**SUPPLIED DATA:**
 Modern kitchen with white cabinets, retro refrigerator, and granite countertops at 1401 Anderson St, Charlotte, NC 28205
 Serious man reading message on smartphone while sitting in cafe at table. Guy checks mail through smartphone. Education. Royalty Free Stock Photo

...

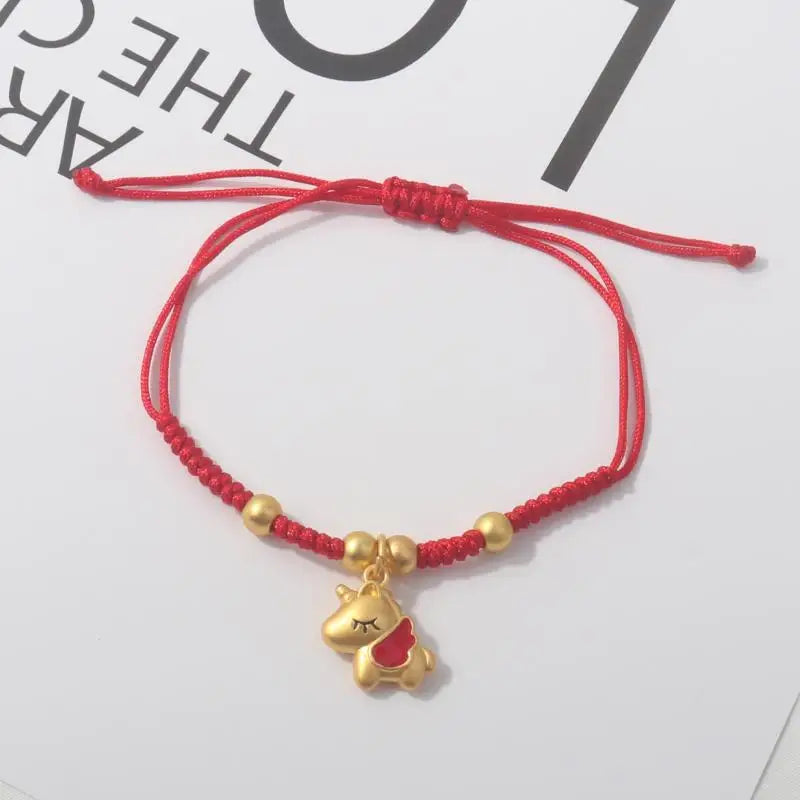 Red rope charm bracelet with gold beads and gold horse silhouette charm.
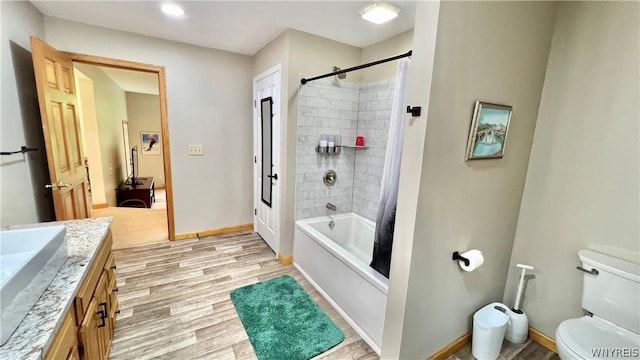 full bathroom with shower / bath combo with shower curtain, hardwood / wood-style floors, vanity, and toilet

**EXERCISE:** Send back an exact copy of only the lines from the line with "Modern kitchen with" up to and including the line with "Serious man reading" in the data above.

**ANSWER BOX:**
 Modern kitchen with white cabinets, retro refrigerator, and granite countertops at 1401 Anderson St, Charlotte, NC 28205
 Serious man reading message on smartphone while sitting in cafe at table. Guy checks mail through smartphone. Education. Royalty Free Stock Photo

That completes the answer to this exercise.